Speaking on Andy Cohen’s Radio Andy show on Sirius XM, Grant said: “I’m rather on Harry’s side. The tabloid press effectively murdered his mother, now they’re tearing his wife to pieces.”
Grant was reminding listeners of the circumstances surrounding the death of Diana, Princess of Wales, who was in a vehicle being pursued by paparazzi, which then crashed, killing three of the four passengers, in Paris in August 1997.
Grant added: “I think as a man, it’s his job to protect his family, so I’m with him.”
Grant was promoting his new film, The Gentleman, alongside co-stars Charlie Hunnam and Matthew McConaughey. In the film, Grant plays a seedy and unscrupulous tabloid reporter.
Grant has been a vociferous campaigner against press intrusion for nearly 10 years. His activism stepped up after the revelation that the voicemail of murdered teenager Milly Dowler had been hacked by the News of the World.
In 2018, Grant donated a payout from Mirror Group Newspapers to the Hacked Off anti-hacking campaign. MGN apologised to Grant and others for its “morally wrong” actions in hacking their phones.
Speaking to Cohen, Grant described his relationship with the tabloids as “very poor”.
Grant’s defence of Harry again pits him against longtime antagonist Piers Morgan, the former editor of the Daily Mirror with whom Grant frequently clashes on Twitter.
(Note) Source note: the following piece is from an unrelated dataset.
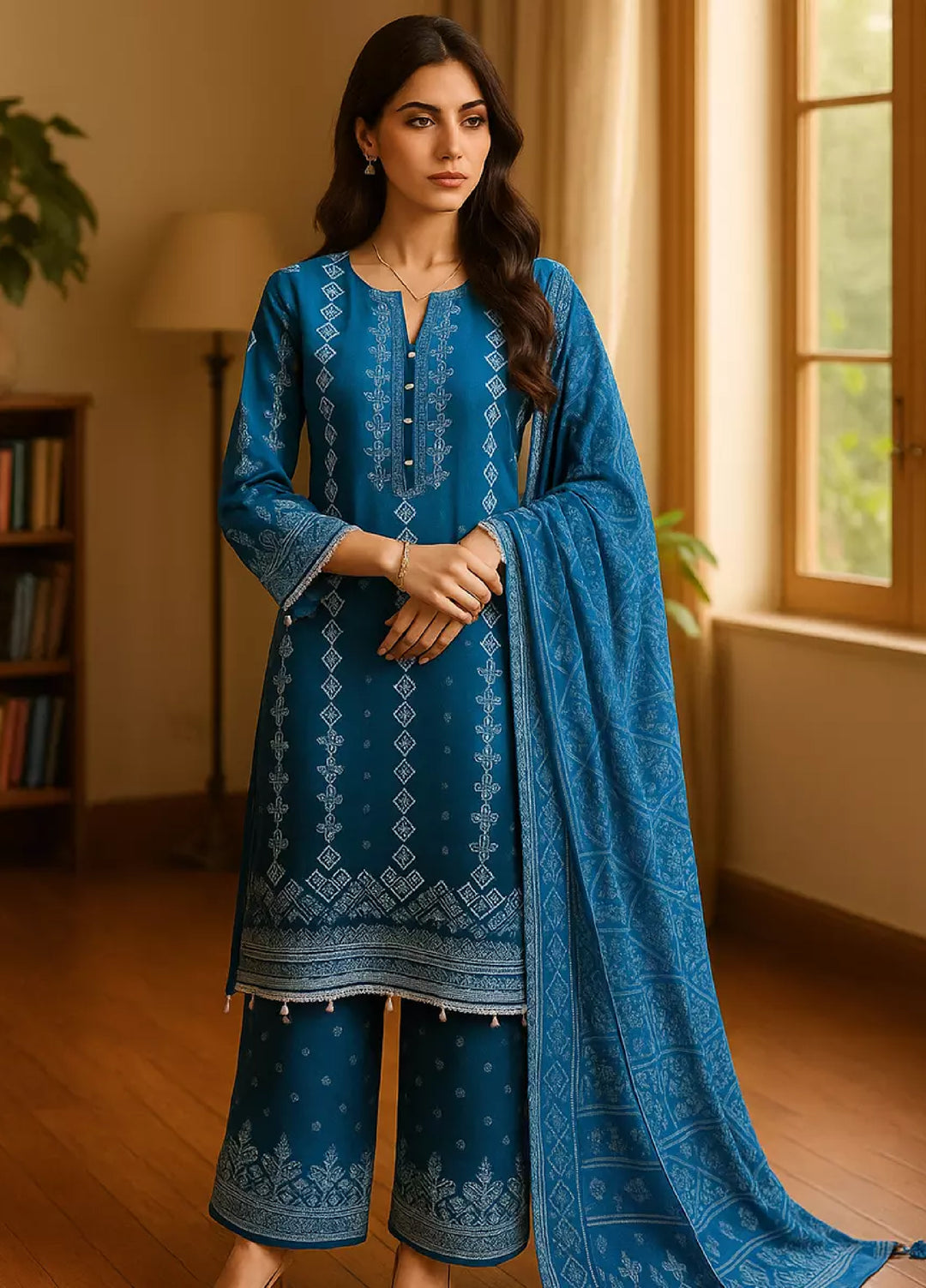 Salitex Unstitched Women Printed Lawn 3 Piece SUNS7ASI163 - Summer Collection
Morgan has called the Duke and Duchess of Sussex “the two most spoiled brats in history”.
Grant won considerable acclaim for his portrayal of the disgraced Liberal leader Jeremy Thorpe in the Stephen Frears miniseries A Very English Scandal, which was broadcast in 2018. The Gentleman has earned more mixed reviews so far.
Speaking on Tuesday, the musician Stormzy also came to the couple’s defence, saying there was no “credible” reason for people not to like Meghan.
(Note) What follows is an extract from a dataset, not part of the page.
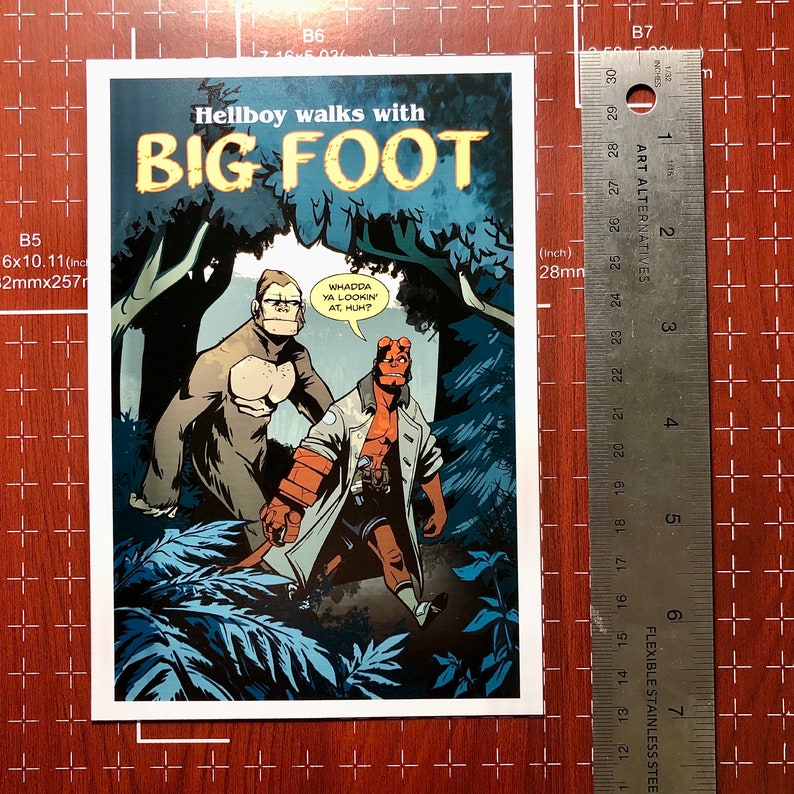 Gros pied Hellboy Couverture de bande dessinée Livre mystère Impression dart Fanarts image 4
In an interview with New York radio station Hot 97, he said: “Meghan is a sweet woman, she does her thing … and they just hate her.”
The rapper referred to a clip of Eamonn Holmes on TalkSport, where the presenter says: “I look at her and I think: ‘I don’t think I’d like you.’”
Stormzy said that if those expressing such sentiments were made to write down the reasons for their negativity, they would find there was “nothing credible to it”.
The quote was taken out of context by numerous outlets to imply he believed the UK was entirely racist. “It’s the classic media spin,” he said.
“They know what they’re doing. They’re weaponising what I said. A lot of people thought I was trying to incite division – but that’s what [the media] did, really.”